Problem to solve: Your answer must be an exact transcription of the lines from the line with "Patent Leather Pointed Toe Stiletto Pumps" through the final line of the data.

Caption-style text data
——

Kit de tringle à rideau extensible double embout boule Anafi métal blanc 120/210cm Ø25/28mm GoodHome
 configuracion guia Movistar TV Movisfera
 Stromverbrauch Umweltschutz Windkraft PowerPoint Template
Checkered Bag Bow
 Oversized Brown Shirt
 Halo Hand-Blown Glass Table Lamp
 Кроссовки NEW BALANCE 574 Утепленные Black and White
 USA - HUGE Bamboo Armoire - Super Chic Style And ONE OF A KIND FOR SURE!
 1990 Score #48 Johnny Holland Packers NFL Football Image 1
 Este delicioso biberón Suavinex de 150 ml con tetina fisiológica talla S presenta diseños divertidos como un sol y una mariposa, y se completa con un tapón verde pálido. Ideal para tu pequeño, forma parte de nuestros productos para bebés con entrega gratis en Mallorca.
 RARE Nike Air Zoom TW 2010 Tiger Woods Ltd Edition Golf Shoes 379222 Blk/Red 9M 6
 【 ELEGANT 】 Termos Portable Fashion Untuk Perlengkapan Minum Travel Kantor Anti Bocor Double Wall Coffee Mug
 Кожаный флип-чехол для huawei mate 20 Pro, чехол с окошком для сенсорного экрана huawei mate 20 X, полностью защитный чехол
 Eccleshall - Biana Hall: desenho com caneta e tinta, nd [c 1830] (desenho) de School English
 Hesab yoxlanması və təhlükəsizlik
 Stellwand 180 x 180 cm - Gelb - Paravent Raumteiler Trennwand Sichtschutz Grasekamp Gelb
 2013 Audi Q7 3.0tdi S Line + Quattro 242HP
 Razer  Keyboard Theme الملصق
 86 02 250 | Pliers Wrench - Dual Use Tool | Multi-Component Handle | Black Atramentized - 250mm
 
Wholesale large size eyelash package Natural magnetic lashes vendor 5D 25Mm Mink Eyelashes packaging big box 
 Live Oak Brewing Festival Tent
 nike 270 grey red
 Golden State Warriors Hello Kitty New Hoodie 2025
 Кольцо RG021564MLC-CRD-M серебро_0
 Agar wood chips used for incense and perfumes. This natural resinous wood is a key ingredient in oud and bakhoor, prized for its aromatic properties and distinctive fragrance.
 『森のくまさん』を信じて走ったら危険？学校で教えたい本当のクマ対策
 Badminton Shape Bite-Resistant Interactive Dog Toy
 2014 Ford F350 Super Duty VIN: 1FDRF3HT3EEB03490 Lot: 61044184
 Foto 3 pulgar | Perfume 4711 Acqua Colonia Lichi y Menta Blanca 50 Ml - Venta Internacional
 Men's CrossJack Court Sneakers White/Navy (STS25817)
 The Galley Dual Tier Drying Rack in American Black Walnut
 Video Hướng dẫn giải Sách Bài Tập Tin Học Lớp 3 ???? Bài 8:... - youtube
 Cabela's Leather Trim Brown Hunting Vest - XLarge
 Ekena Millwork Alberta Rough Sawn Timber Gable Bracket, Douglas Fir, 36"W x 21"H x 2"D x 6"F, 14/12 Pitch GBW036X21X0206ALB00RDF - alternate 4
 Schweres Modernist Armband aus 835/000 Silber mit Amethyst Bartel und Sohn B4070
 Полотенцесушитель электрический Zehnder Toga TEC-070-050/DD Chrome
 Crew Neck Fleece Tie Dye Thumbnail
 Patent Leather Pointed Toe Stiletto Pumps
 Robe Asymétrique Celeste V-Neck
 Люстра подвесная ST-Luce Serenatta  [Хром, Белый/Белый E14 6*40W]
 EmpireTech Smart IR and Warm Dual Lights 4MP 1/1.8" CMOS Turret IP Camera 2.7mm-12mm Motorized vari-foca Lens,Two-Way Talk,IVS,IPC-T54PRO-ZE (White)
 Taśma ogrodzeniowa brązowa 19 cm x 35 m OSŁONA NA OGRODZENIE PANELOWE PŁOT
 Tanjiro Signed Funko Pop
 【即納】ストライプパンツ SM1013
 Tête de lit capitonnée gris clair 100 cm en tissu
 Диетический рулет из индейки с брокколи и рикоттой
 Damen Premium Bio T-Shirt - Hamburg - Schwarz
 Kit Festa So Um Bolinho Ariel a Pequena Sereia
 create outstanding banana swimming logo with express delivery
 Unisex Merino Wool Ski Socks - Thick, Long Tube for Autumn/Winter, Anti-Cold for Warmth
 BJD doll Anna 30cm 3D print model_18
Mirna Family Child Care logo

——

Task response:
 Patent Leather Pointed Toe Stiletto Pumps
 Robe Asymétrique Celeste V-Neck
 Люстра подвесная ST-Luce Serenatta  [Хром, Белый/Белый E14 6*40W]
 EmpireTech Smart IR and Warm Dual Lights 4MP 1/1.8" CMOS Turret IP Camera 2.7mm-12mm Motorized vari-foca Lens,Two-Way Talk,IVS,IPC-T54PRO-ZE (White)
 Taśma ogrodzeniowa brązowa 19 cm x 35 m OSŁONA NA OGRODZENIE PANELOWE PŁOT
 Tanjiro Signed Funko Pop
 【即納】ストライプパンツ SM1013
 Tête de lit capitonnée gris clair 100 cm en tissu
 Диетический рулет из индейки с брокколи и рикоттой
 Damen Premium Bio T-Shirt - Hamburg - Schwarz
 Kit Festa So Um Bolinho Ariel a Pequena Sereia
 create outstanding banana swimming logo with express delivery
 Unisex Merino Wool Ski Socks - Thick, Long Tube for Autumn/Winter, Anti-Cold for Warmth
 BJD doll Anna 30cm 3D print model_18
Mirna Family Child Care logo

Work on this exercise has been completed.